A black puppy sitting with green leaves in the background.

Fergus is Getting a Puppy–And He’s Not Happy About It

You may have met our eternal puppy, Fergus, before. I chronicled some of his more foolish and embarrassing exploits in this story:

3 Times My Dog Embarrassed Me and 1 Time He Nearly Knocked Me Out | by Elise Chidley | Medium

Fergus is 100 pounds of (mostly) pure muscle, with a keen (though futile) interest in hunting down chipmunks. He chases them daily from drainpipe to tree trunk, always with the same result. Failure.

He is also an eternal optimist when it comes to interacting with our other dog, a geriatric wheaten terrier named Maggie. He believes, without a shred of evidence, that Maggie wants to play with him.

He’ll prance up to her, go down on his elbows, and make growly sounds with an open, smiley mouth and lots of pointy teeth. In reponse, Maggie will open her own mouth and snarl in fury. Encouraged, he will then lift one hefty forepaw and flatten her so that she spreadeagles on the floor. She then scrabbles around desperately, unable to get back to her feet until we help her up.

It’s to spare Maggie the pain and indignity of Fergus’s attentions that we’ve decided to bring a new puppy into the family.

The puppy we’ve chosen is a cross between a Bernese mountain dog and a miniature poodle.

The other day, we loaded Fergus into the back of the car and took him with us on our mission to decide which puppy in the litter we wanted to bring home. He was very excited to be going on an expedition — as I could see from his perked ears, shining eyes, and enormous grin.

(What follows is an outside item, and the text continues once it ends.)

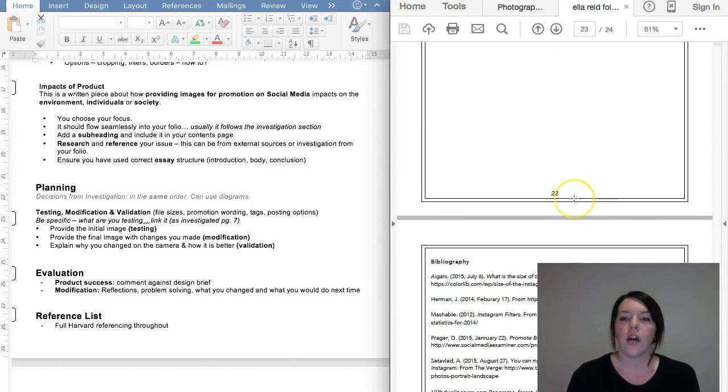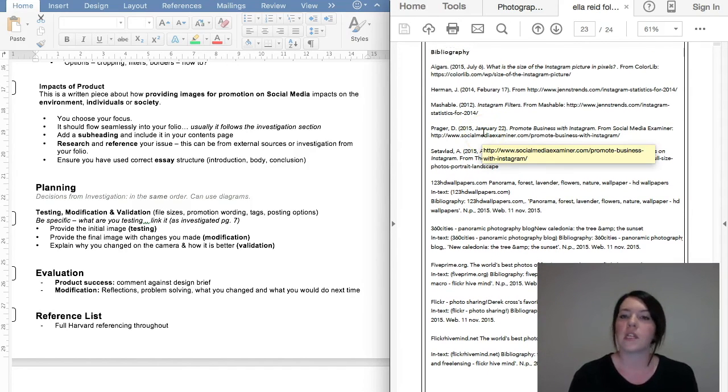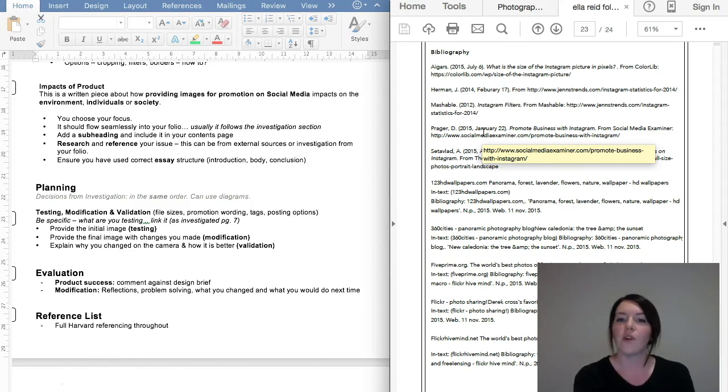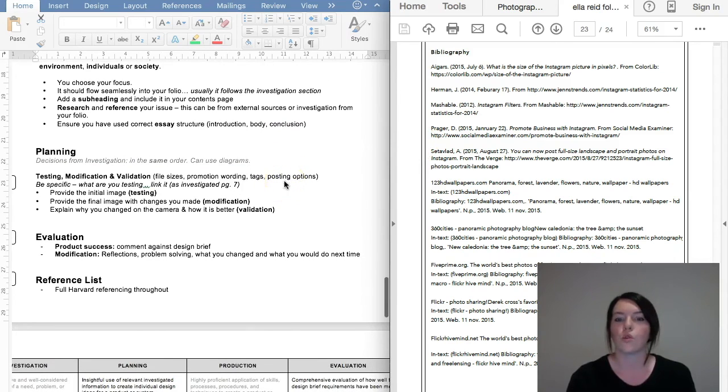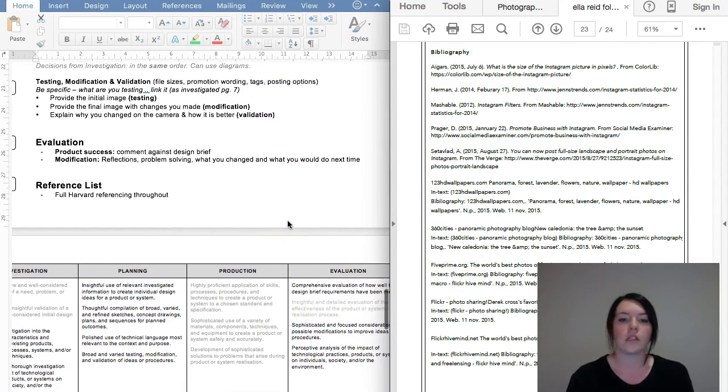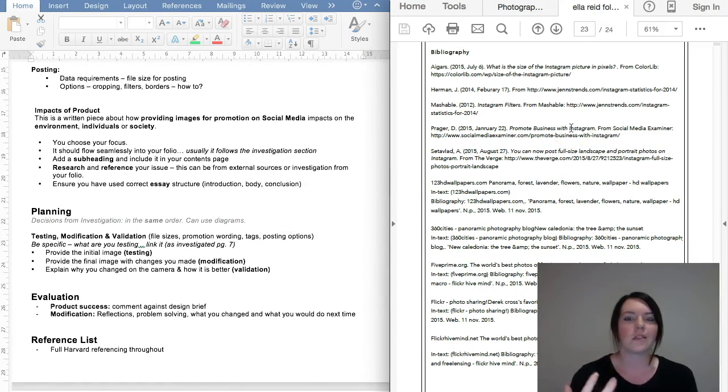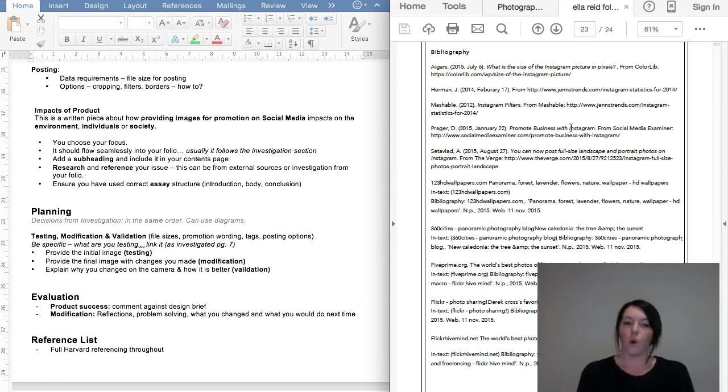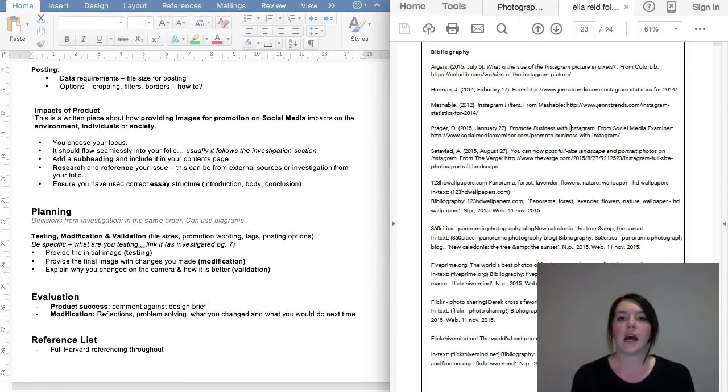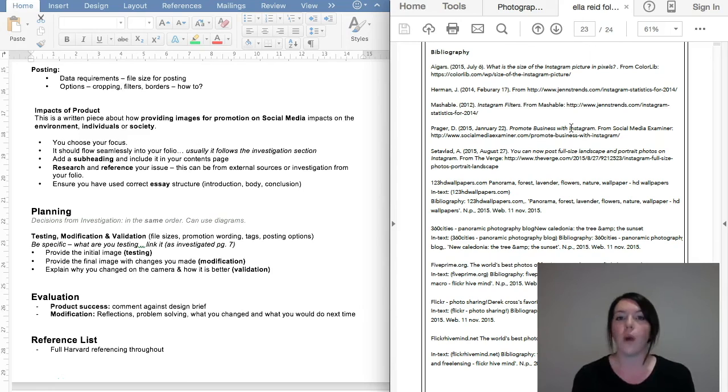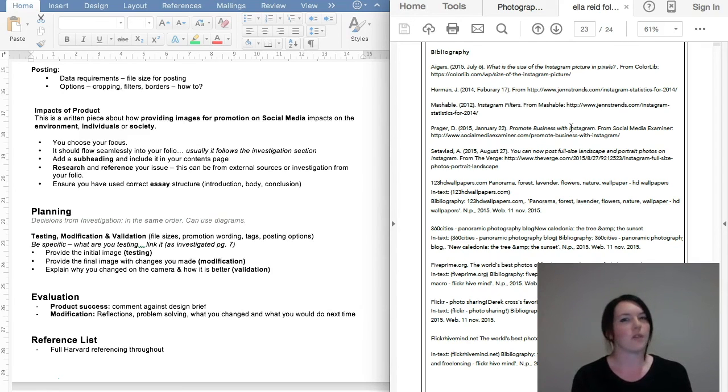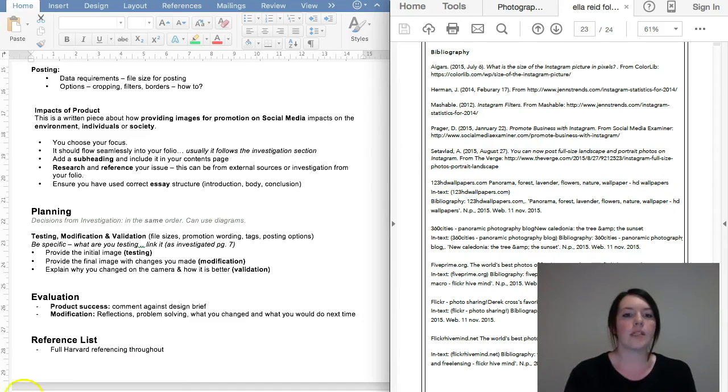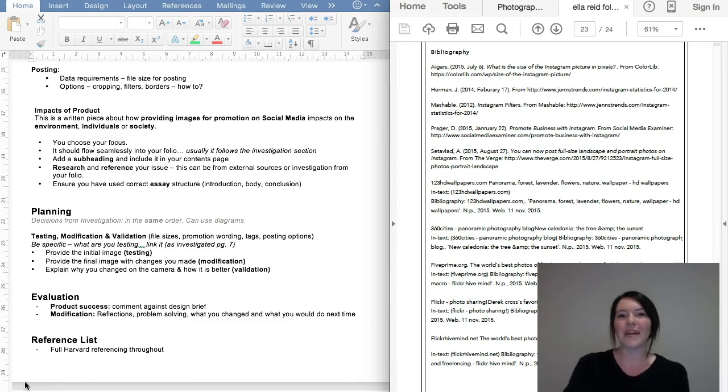Now you have a reference list at the end, which is full Harvard referencing. I will put some resources on Daymap for you in case you need a little bit of help with Harvard referencing. So that is the rest of your folio. The folio is due in its entirety on Friday of week one. You're going to upload this to the submissions drive. I will be checking that from Norway to make sure you've all uploaded. And then you're going to start on the major product. There'll be a separate video for that. As always, any questions, queries, concerns, please don't hesitate to ask. And yeah, good luck with it. Thanks, guys. Bye.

When we arrived at the home of the puppy dealer, who had just returned from an overnight trip to Pennsylvania to pick up the pups, my husband took Fergus out on the gentle leader and walked him around the dealer’s front yard.

I, meanwhile, went to the backyard to meet the puppies. One by one, I lifted them in my arms and took them through the wooden gate to meet their potential big brother, who was pacing around with a worried look on his face and an enormous yardage of tongue trailing from his mouth.

The first puppy was extremely confident and playful. She ran up to me with a wagging tail, and didn’t seem at all dismayed as we approached Fergus, who had to weigh at least ten times more than she did.

The dismay was all on Fergus’s side. He took one look at the thing in my arms and backed up behind my husband. Then he leapt in fright, running his claws down my husband’s side, as if to say: “Save me from this dangerous morsel of a dog. It has a mouth full of fangs and a heart full of evil, anybody can see that!”

His attitude to the puppies changed ever so slightly as I brought them out, one by one, for inspection. His initial fear seemed to die down a little, to be replaced by a very pointed and exaggerated indifference.

The last puppy was a timid, shrinking soul, about as indifferent to Fergus as he was to her. At first, neither one would so much as look at the other. The puppy’s tail refused to wag when I turned her around so that he could sniff that end of her. Fergus wasn’t interested in any such sniffing. I turned the puppy back around again. And then — a tiny miracle. Fergus came closer. He looked at the little wriggling bundle in my arms. And then he leaned in —and the two of them touched noses for just a second.

A connection.

“Right,” we said. “We’ll take this one.”

I promise to report back on Fergus’s reaction when this rather nervous puppy arrives to share his home — in about a week’s time.